Good thing this recipe is easy and comes together quickly. The recipe is from a Dorie Greenspan cookbook titled Baking From My Home to Yours. The book offers great recipes and insight for every home baker. It has beautiful photos of the baked items and is clearly written with tips for success.
The brownie buttons are a rich "one-bite" sweet treat. They are quite good on their own, but I like to top them with melted chocolate to take them up to the next level.
Brownie Buttons
1/4 cup plus 2 tablespoons all-purpose flour
pinch of fine sea salt
4 tablespoons unsalted butter, cut into 4 pieces
2 1/2 ounces bittersweet chocolate, 60% dark, chopped
1/3 cup light brown sugar, packed
1/2 teaspoon vanilla extract
1 large egg, room temperature
Chocolate Glaze
2 ounces white or dark chocolate, chopped
Working with a mini muffin pan with 24 wells, line each well with a mini muffin paper liner.
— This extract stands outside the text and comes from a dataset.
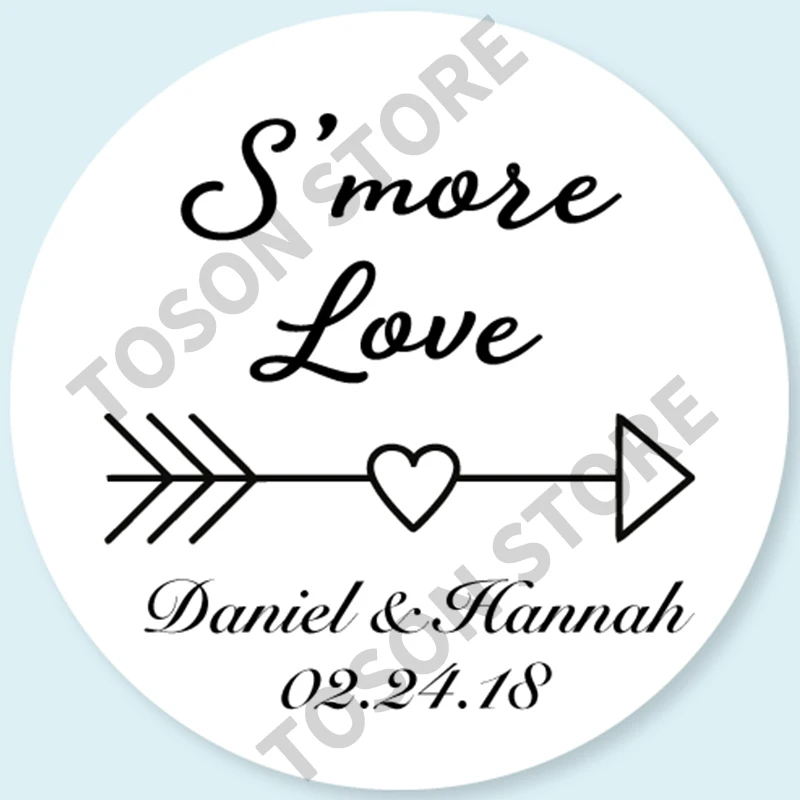 100, Silver laser Customized text logo, Wedding Stickers, Invitations Seals, Candy Favors Gift Boxes Labels, On White Adhesive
Set tray aside.
Preheat the oven to 350 degrees.
In a small sauce pan, melt the butter, chocolate, and brown sugar over low heat, stirring frequently to combine. When the mixture is smooth and melted, remove the pan from the heat to cool for a few minutes.
In a small bowl, combine the flour and the salt, stirring together.
When the chocolate mixture is cool, stir in the vanilla. Crack the egg into a separate small bowl. Using a fork, lightly beat the egg. Add the egg to the chocolate mixture, stirring until well blended. Add in the flour, stirring until it is incorporated. The batter will be smooth and glossy.
Using 2 small spoons, spoon the chocolate batter into each paper-lined well. Fill each well with 1 teaspoon of batter. It will not look like much in each well, but you will have enough to fill 24 mini wells. Place the tray into the preheated oven, baking for 12 minutes. Remove the tray from the oven. Cool for 20 minutes.
Optional chocolate glaze:
Working with a small heat-proof bowl, place the chocolate into the bowl. Place in the microwave. Heat for 11 seconds, stirring after each time, until the chocolate is melted and smooth. This will take several times to melt the chocolate. When the brownie buttons are cool, use a small spoon to fill a bit of melted chocolate on to each brownie. Top the melted chocolate with finely chopped nuts or rainbow sprinkles if desired. Allow to the chocolate to cool and set up.